Renzo Novatore was an important individualist anarchist who collaborated in numerous anarchist journals and participated in futurism avant-garde currents. Novatore collaborated in the individualist anarchist journal Iconoclasta! alongside the young stirnerist illegalist Bruno Filippi Novatore belonged to the leftist section of the avant-garde movement of Futurism alongside other individualist anarcho-futurists such as Dante Carnesecchi, Leda Rafanelli, Auro d'Arcola, and Giovanni Governato.

Pietro Bruzzi published the journal L'Individualista in the 1920s alongside Ugo Fedeli and Francesco Ghezzi but who fell to fascist forces later. Pietro Bruzzi also collaborated with the Italian American individualist anarchist publication Eresia of New York City edited by Enrico Arrigoni.

The Fascist regime and afterwards 
When the war ended, USI peaked in numbers (it was during this time that it joined the IWA, becoming known as the USI-AIT). It became a major opponent of Benito Mussolini and the Fascist regime, fighting street battles with the Blackshirts – culminating in the August 1922 riots of Parma, when the USI-AIT faced Italo Balbo and his Arditi.

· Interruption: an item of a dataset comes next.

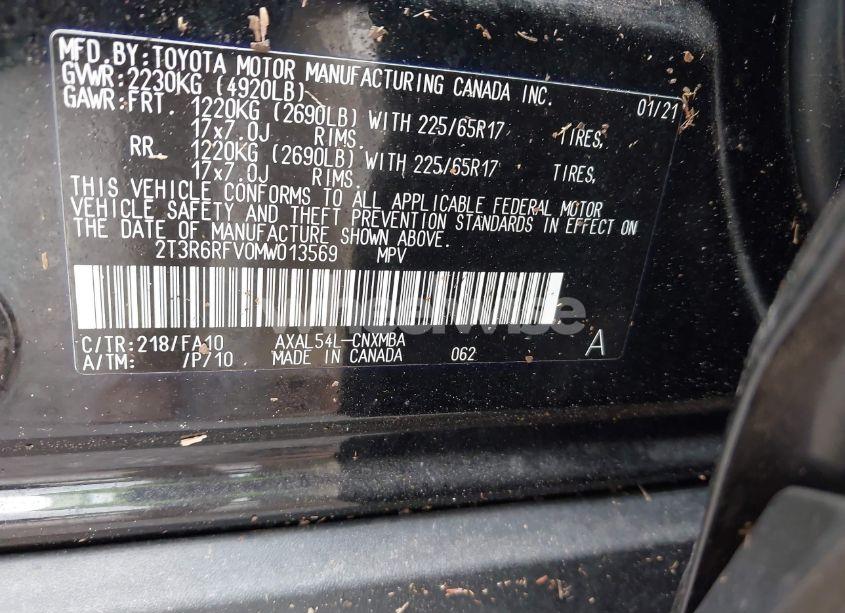 Photo 9 of 2021 Toyota Rav4 HYBRID XLE (VIN 2T3R6RFV0MW013569)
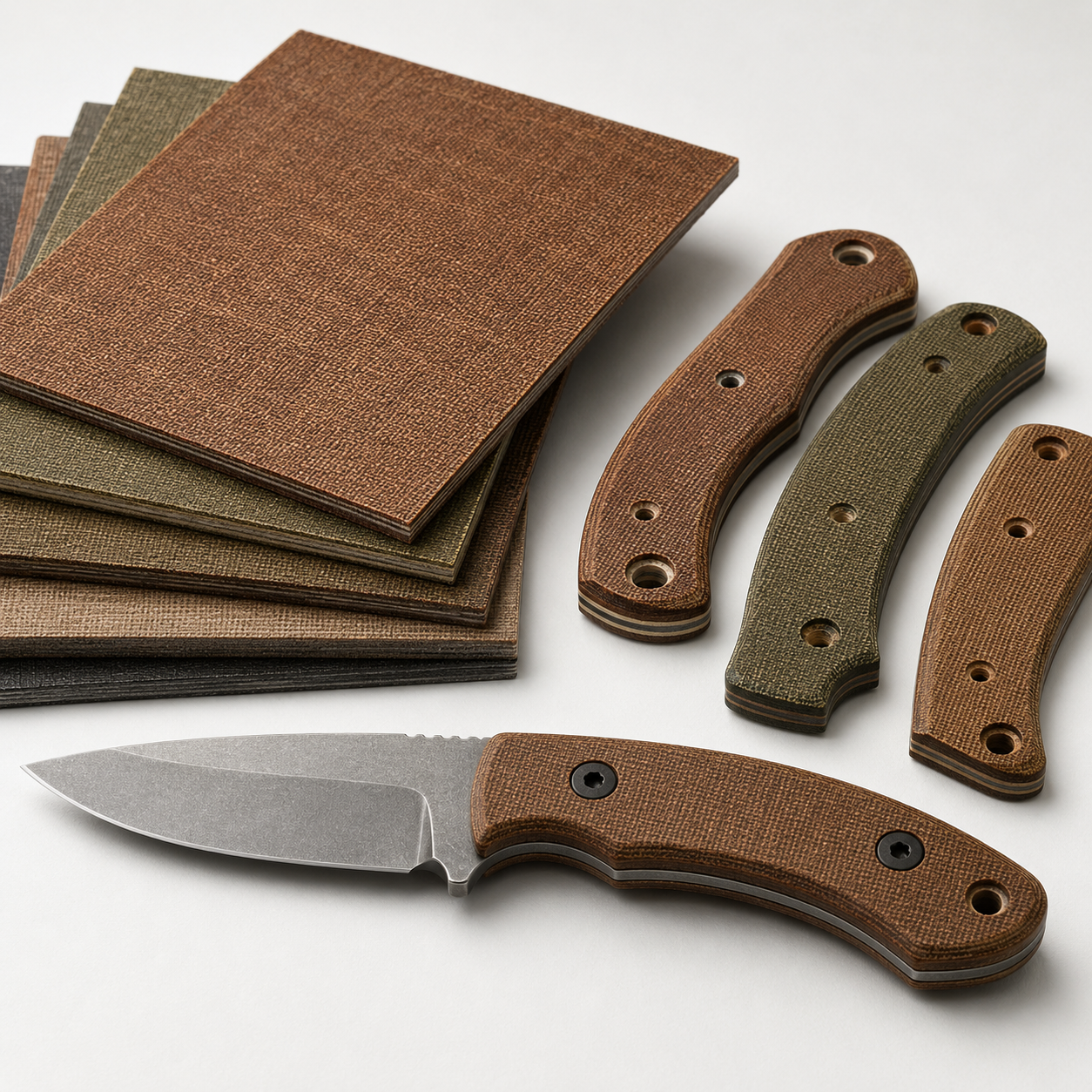Micarta sheets, knife scales and CNC machined parts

USI-AIT was outlawed by Mussolini in 1926, but resumed its activities in clandestinity and exile. It fought against Francisco Franco in the Spanish Civil War, alongside the Confederación Nacional del Trabajo and Federación Anarquista Ibérica, and took part in the Spanish Revolution. After World War II and the proclamation of the Republic, former members of the union followed the guidelines of the Federazione Anarchica Italiana that called for the creation of a unitary movement, and joined the Confederazione Generale Italiana del Lavoro (CGIL).

The prominent Italian anarchist Camillo Berneri, who volunteered to fight against Franco was killed instead in Spain by gunmen associated with the Communist Party of Spain.

Postwar years and today

In the immediate postwar years there existed failed attempts at a resurgence of anarchosyndicalism. The Italian Anarchist Federation was founded in 1945 in Carrara. It adopted an "Associative Pact" and the "Anarchist Program" of Errico Malatesta. It decided to publish the weekly Umanità Nova retaking the name of the journal published by Errico Malatesta.

Inside the FAI a tendency grouped as (GAAP – Anarchist Groups of Proletarian Action) led by Pier Carlo Masini was founded which "proposed a Libertarian Party with an anarchist theory and practice adapted to the new economic, political and social reality of post-war Italy, with an internationalist outlook and effective presence in the workplaces...The GAAP allied themselves with a similar development within the French Anarchist movement, the Federation Communiste Libertaire, whose leading light was Georges Fontenis."

Another tendency which didn't identify either with the more classical FAI or with the GAAP started to emerge as local groups. These groups emphasized direct action, informal affinity groups and expropriation for financing anarchist activity. From within these groups the influential insurrectionary anarchist Alfredo Maria Bonanno will emerge influenced by the practice of the Spanish exiled anarchist Josep Lluís i Facerias.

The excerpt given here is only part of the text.